With all those numbers crunched together, total PRS revenues for 2021 were £777.1 million, up 22.4% compared to 2020 but still down compared to 2019.
Also, because of the time lag on collective licensing, the 2020 income declines impacted on 2021 payments to writers and publishers, although PRS reckons that its “commitment to maximising and accelerating distributions has ensured the expected impacts of the pandemic’s disruptions have been minimised for the music creator community”.
Commenting on all that, PRS boss Andrea Czapary Martin says: “2021 was a successful year that further cements PRS For Music’s place as a world-leading, innovative rights management organisation. In exceptional circumstances, and still with a recovering marketplace, we recorded a 22.4% year-on-year growth in revenue to £777.1 million”.

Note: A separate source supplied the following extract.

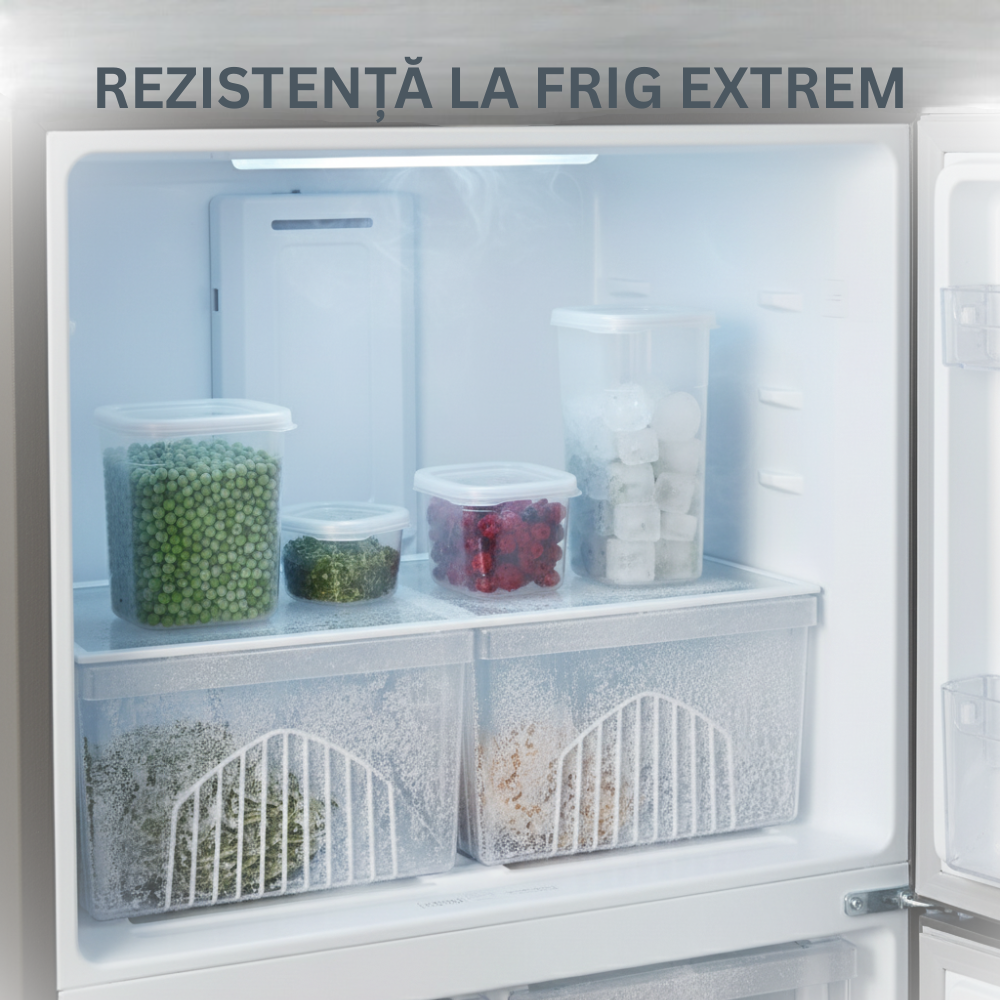 Recipientele din plastic Koken in congelator, cu alimente inghetate. Recipientele sunt rezistente la frig extrem.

“The 45.6% growth in online meant we collected £267.8 million – an extra £83.9 million on 2020”, she added. “The 59.6% uplift in public performance is encouraging as it reflects a marketplace, like the economy, that is getting back to business. Significantly, it underlines the organisation’s ability to adapt to all market sectors to fully monetise and protect the value of the music rights entrusted to us”.
Noting that much of her time at PRS – which she joined in June 2019 – has been dominated by the impact of the pandemic, Martin goes on: “COVID-19 has overshadowed my two full financial years as CEO of PRS For Music, but has given me and the whole PRS team the opportunity to really focus on the importance and value of the work PRS does on behalf of its members and how we can better serve them in all areas of what they do”.
“For all businesses, these have been unprecedented and challenging times”, she adds. “However, I believe we grasped that opportunity, and the entire organisation has embraced the chance to adapt and innovate. It will be from these solid foundations that we can meet our vision of becoming a billion-pound society in royalties paid out, while further strengthening our systems and partnerships, all with a cost-to-income ratio of below 10%”.